On Monday it was the turn of things to do regarding your money through uni. This time, let’s explore what you do not want to be doing. If you recognise any of this already, it’s never too late to make changes and hold your head up high. There’s no shame in having a problem that needs dealing with and there is a lot of support available. If none of this currently applies to you, it’s still best to bear it in mind so you stay on that path. It’s all too easy to slip down and make a mistake if you’re not careful. So what shouldn’t you do?
- Ignore a problem – When things go wrong, there’s a temptation to turn the other cheek. If you look away, the monsters will go away. We know that it’s bad advice, but it’s a temporary solution and it makes us feel better in the short term. Unfortunately, it makes us feel worse in the long term. We’re not thinking long term at the time though! But we have to deal with problems at one time or another, so it’s best to make that time the present.
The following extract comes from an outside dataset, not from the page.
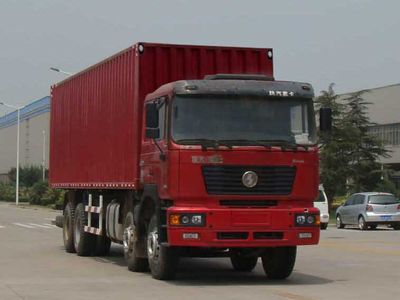 Shaanxi Automobile SX5315XXYNN4561 Box transport vehicle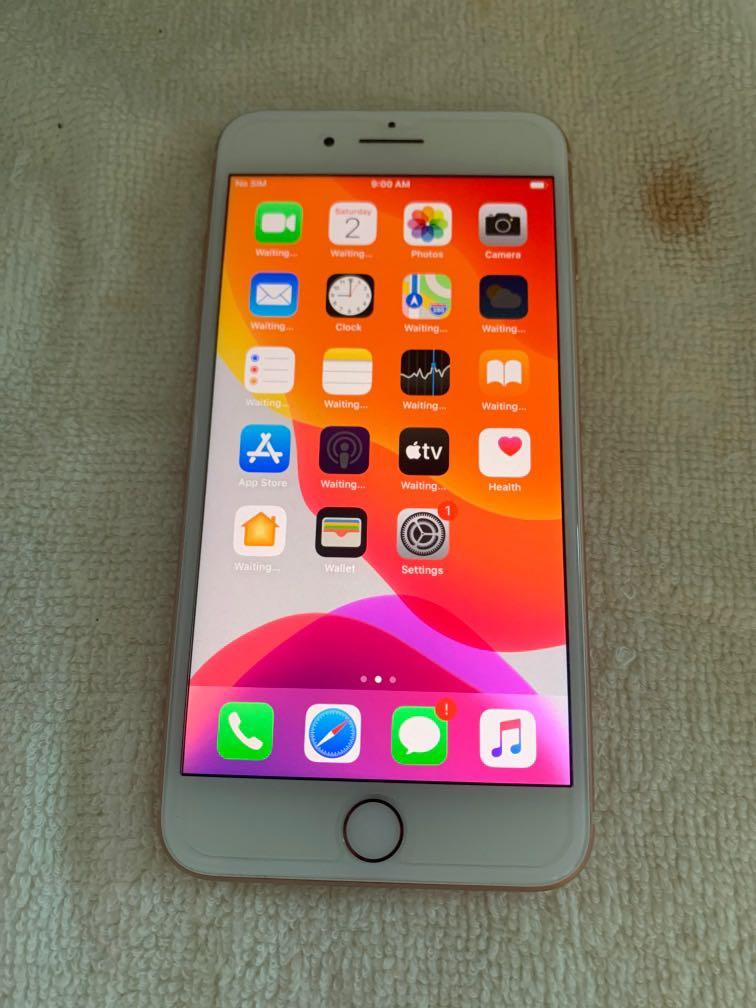 Apple Iphone 8 Plus 64gb Mobile Phones Tablets Iphone Iphone 8 Series On Carousell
If you’re in trouble, admit it to yourself and give a bit of time to recovering from the situation. Ignoring it will simply allow the downfall to continue. Five minutes of peace with your head in the sand equals five hours of headaches later down the line. You must acknowledge the need to help yourself before you can be helped at all.
- Presume anything – If you’re uncertain about something involving your finances, ASK SOMEONE! You’re in the real world now and things tend to matter a lot more, whether you like it or not. If you have a query regarding a bill, a strange debt situation, a request for money that you don’t understand, or anything else that isn’t 100% absolute in your head, you need to question the issues. Sometimes it’s a quick question for your parents, or a housemate, and you just want the all clear on something trivial. At other times, you may need to involve your Student Services or equivalent. If it’s nothing to do with uni, you may have to speak to the party involved or ask your uni where you can turn for the advice you need.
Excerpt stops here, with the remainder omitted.